* _Assignment_: Your task is to copy the lines of the data below from the line holding "Blood donor at donation." through the line holding "Rowing on Purple Water", inclusive, exactly and with nothing added.

*** Data for the task Section Begins ***

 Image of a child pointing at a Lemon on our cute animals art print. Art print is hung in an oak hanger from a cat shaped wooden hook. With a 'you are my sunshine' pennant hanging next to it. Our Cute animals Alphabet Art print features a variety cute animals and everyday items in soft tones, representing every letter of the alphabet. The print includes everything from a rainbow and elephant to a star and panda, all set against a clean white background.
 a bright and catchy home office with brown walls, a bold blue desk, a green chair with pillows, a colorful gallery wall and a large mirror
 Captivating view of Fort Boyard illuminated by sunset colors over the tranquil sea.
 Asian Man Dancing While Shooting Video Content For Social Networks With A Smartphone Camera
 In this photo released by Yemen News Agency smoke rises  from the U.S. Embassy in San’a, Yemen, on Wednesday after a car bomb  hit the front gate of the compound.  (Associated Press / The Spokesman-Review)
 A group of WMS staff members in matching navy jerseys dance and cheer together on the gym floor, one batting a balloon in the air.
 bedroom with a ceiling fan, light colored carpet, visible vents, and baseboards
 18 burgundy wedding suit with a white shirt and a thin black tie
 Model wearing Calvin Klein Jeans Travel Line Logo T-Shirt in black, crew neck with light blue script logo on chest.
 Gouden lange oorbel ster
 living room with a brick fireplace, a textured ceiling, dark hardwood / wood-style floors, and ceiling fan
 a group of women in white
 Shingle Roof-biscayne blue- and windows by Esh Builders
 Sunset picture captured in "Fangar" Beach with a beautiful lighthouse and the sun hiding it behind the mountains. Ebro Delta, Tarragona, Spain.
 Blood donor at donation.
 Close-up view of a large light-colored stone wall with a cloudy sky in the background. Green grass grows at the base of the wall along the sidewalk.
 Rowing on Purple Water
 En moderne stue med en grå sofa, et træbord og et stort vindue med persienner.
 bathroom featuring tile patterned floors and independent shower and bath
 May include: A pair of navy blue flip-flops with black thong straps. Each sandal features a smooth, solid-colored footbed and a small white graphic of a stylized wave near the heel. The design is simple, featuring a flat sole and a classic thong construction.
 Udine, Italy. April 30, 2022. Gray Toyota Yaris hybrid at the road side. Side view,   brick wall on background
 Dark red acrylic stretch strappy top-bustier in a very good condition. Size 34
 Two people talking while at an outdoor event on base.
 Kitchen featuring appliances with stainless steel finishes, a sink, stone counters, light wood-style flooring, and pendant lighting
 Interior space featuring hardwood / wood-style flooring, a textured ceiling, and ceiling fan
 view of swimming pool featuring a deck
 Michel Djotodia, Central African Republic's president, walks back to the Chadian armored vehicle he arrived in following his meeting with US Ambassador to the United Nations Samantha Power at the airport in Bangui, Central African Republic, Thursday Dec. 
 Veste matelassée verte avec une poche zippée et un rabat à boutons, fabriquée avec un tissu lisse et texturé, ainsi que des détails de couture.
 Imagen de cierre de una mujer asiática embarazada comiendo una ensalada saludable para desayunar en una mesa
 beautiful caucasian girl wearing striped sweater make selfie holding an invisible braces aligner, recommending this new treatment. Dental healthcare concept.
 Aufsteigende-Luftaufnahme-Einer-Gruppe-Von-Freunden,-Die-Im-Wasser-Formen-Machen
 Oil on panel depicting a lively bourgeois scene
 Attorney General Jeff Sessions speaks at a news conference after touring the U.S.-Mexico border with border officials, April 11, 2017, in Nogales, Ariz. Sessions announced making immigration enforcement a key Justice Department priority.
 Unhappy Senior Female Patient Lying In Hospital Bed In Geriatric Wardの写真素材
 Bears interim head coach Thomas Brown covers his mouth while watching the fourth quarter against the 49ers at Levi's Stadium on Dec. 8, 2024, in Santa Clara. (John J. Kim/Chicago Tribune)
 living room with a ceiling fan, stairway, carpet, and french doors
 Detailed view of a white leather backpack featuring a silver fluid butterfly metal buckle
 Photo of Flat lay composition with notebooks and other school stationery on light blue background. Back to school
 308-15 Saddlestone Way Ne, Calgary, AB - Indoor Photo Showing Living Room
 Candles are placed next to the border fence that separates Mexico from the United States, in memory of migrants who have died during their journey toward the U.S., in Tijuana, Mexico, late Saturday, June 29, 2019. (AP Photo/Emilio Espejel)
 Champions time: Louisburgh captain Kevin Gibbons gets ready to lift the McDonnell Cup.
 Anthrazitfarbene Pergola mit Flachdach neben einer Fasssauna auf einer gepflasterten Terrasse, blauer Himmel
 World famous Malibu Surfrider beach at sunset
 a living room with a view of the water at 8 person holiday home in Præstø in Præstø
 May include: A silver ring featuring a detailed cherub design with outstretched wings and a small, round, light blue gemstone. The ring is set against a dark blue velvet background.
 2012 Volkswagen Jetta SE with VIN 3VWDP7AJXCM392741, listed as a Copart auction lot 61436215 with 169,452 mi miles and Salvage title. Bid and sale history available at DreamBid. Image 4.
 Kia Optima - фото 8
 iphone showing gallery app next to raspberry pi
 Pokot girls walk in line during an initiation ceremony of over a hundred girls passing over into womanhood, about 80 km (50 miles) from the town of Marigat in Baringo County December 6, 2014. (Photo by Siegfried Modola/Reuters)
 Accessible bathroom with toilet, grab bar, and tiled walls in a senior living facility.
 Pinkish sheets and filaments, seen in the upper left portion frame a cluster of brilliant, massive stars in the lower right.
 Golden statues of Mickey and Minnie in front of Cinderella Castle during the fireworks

*** Data for the task Section Ends ***

* _Reply_:
 Blood donor at donation.
 Close-up view of a large light-colored stone wall with a cloudy sky in the background. Green grass grows at the base of the wall along the sidewalk.
 Rowing on Purple Water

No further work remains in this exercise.